Cashew-Mac Recipe

cashew-mac

This delicious Vegan “Mac and Cheese” I have nicknamed “Cashew-Mac” because, lets be honest, it’s not going to taste exactly like dairy mac and cheese. My husband (who LOVES cheese) really supports eating vegan but has a phycological issue with any vegan cheese because since it is called “cheese” he expects it to taste exactly like cheese. Well people, vegan cheese does not taste like dairy cheese BUT is it still HELLA DELICIOUS! So we decided to nickname it Cashew-Mac so the expectation is eliminated and the dish can be enjoyed just as it is. And guess what?? It was cheese-lovin’-husband approved! So I guarantee non-vegans will also enjoy it, and love that they’re getting their vegetables hidden in something so yummy! 🙂

PS. Without baking this will take only about 35 minutes to make! With baking it takes about an hour.

Ingredients:

4 cups of macaroni noodles

1 small sweet potato (peeled and cut into cubes)

4 yellow/golden medium potatoes (peeled and cut into cubes)

4 baby carrots (peeled and cut into cubes)
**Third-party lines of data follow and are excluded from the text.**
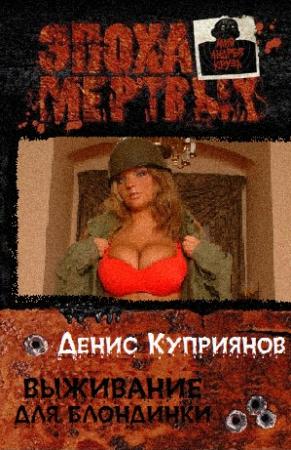 Обложка книги «Выживание для блондинки» — Денис Куприянов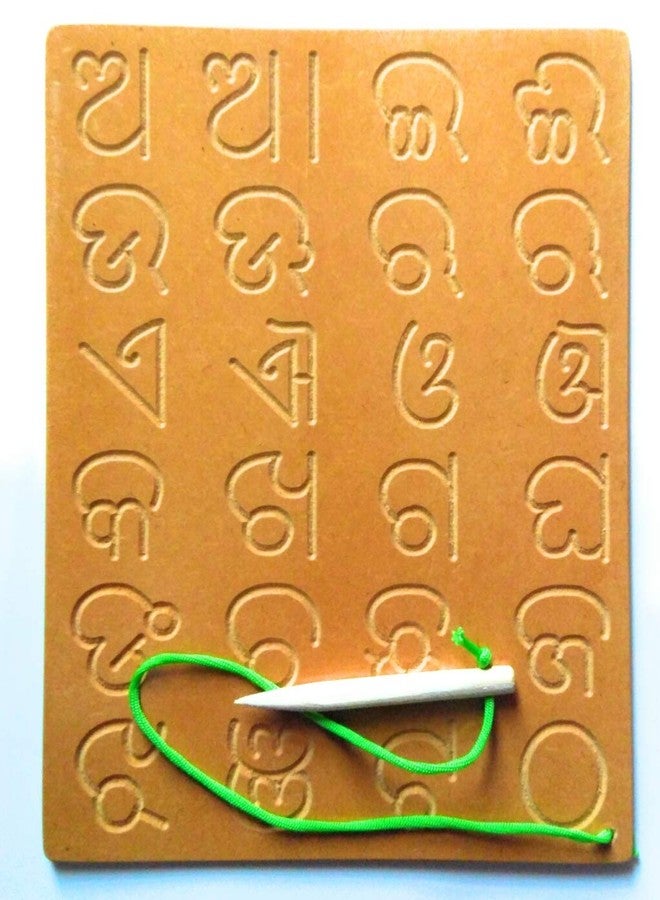 futurez key� odia (Oriya) Alphabets (Vowels & consonants) and Numbers tracing Boards/Wooden Writing Practice Set Boards - Educational Learning Toys for Kids (Pack of 3)-Brown - Image 2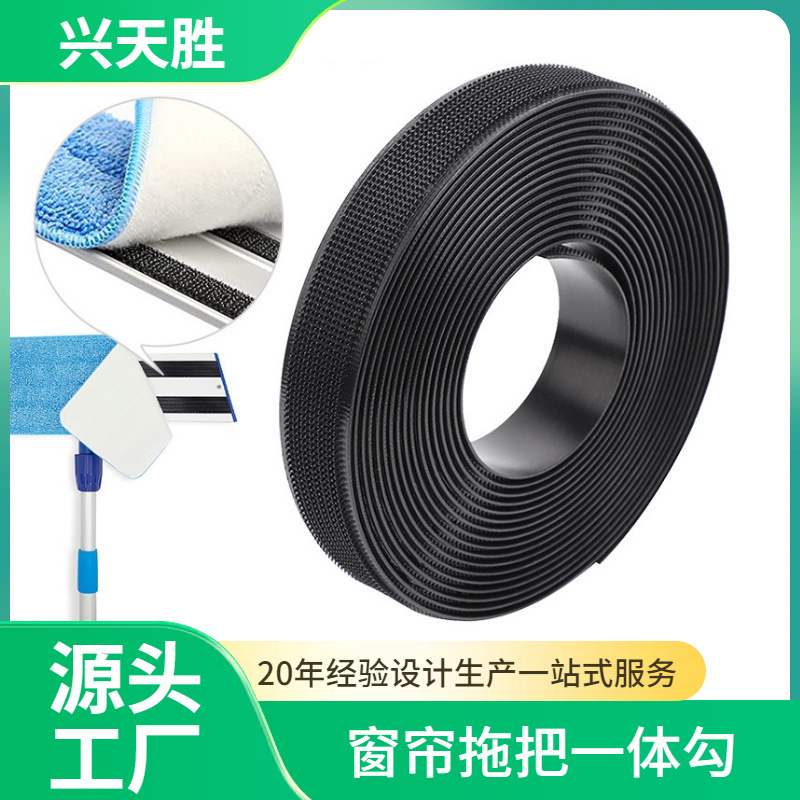 �����ϰѿ�������ħ�����޽�����������ϵ�ɨ�ػ���ħ��������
4 shallots (peeled and halved)

3 cloves of garlic

2 cups of nutritional yeast

1.5 cups of water from boiled vegetables

1 cup raw cashews (soaked 1-2 hours)

1/2 cup roasted cashews (soaked 1-2 hours)

1/4 tsp paprica

pink of cayenne

1/2 – 1 tsp sea salt

1/4 tsp pepper

2 tbsp lemon juice

salt and pepper to taste

Optional (if baking)

Vegetable stuffing mix plus nutritional yeast for baked crumble

Instructions:

  1. Cook the macaroni noodles as packaging describes. Set aside.
  2. In a large pot, fill about half way with water. Add all the vegetables (sweet potatoes, gold potatoes, baby carrots, shallots, garlic cloves) in the pot and bring to boil. Boil for about 20 minutes or until the vegetables are very soft.
  3. Spoon out the vegetables into a large blender and add the 1.5 cups of water from the boiled vegetables. Blend until smooth. (add more water if not blending)
  4. Add the nutritional yeast, soaked cashews, all the spices, and lemon juice to blender. Blend until smooth and creamy. Taste and add salt and pepper if needed. If it’s not “cheesy” enough for you, then add more nutritional yeast. Keep adjusting til it tastes delicious!
  5. Pour the cheese sauce into a large bowl with the cooked macaroni noodles, stirring to completely coat the noodles.
  6. You can either stop here and enjoy your Cashew Mac OR bake it. If baking, turn on oven to 350 degrees and pour noodles into large casserole/lasagna dish. Top the Cashew Mac with cooked vegetable stuffing mix (follow instructions on box) and a sprinkle of nutritional yeast. Bake for 20 minutes.